We literally have an issue where America is ahead of where most countries of the world will likely ever be. Let's not change that.

Have any posters from Australia, New Zealand, or Europe weighed in on what troglodytes we are for opposing birthright citizenship? Just curious...

Not a perfect fit to your criteria but its one of those archiac and bizarre things about the United States to much of the world... similar to the United States's 2nd amendment. Enjoy your American Exceptionalism.


To call a pretty expansive and inclusive amendment 'archaic" is kind of odd.

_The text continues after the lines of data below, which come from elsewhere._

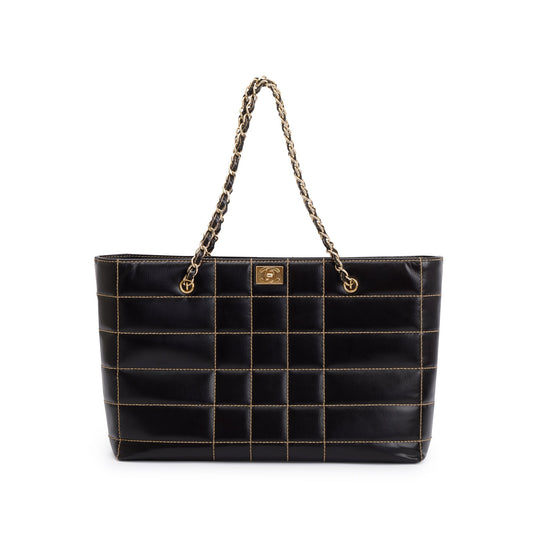 Chanel Black Cafskin Leather Wild Stitch Choco Bar Tote
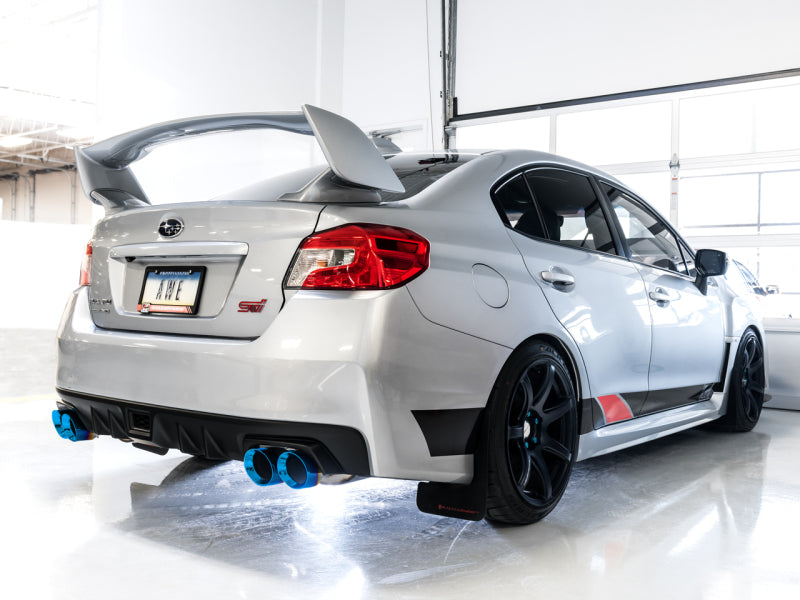 AWE Tuning 12-14 Subaru WRX STI Sedan Track Edition Exhaust - Vapor Blue Quad Tips (102mm)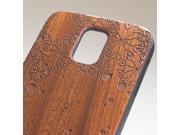 Samsung Galaxy S5 engraved sapele wood wooden case in floral heart pattern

That's exactly what it is. Now, the 14th amendment wasn't, really, created with immigrants in mind, as I'm sure you'll know; it was created, partly, to prevent the disenfranchisement of former slaves, which, of course, isn't a pressing matter anymore. However, going back to my initial point, the way the 14th amendment's purpose is being interpreted by some here is totally archaic. Birthright citizenship may have been an acceptable policy several centuries ago, during an era of small populations, ill-defined polities, relatively low levels of geographical mobility and very small states (government bureaucracy's were hardly in a position to catch 'illegal immigrants'), but doesn't hold water in an age where none of those things are true, at least in the West.

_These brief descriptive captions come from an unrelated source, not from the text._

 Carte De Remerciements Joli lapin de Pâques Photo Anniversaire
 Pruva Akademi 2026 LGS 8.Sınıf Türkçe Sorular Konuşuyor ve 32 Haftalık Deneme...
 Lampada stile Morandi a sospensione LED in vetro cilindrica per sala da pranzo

 I mean, take Europe, which is currently in the mist of what is perhaps the biggest series of external migrations since the Great Migrations of Late Antiquity and the Early Middle Ages. European countries can't simply allow for birthright citizenship, due to the sheer volume of immigrants (most of them illegal) currently entering the continent. It's not politically or governmentally tenable. I would argue the same about the United States, although illegal immigration across the Mexican border seems to have tapered off as of late. Birthright citizenship is an untenable policy when you have very large influxes of people entering a country illegally.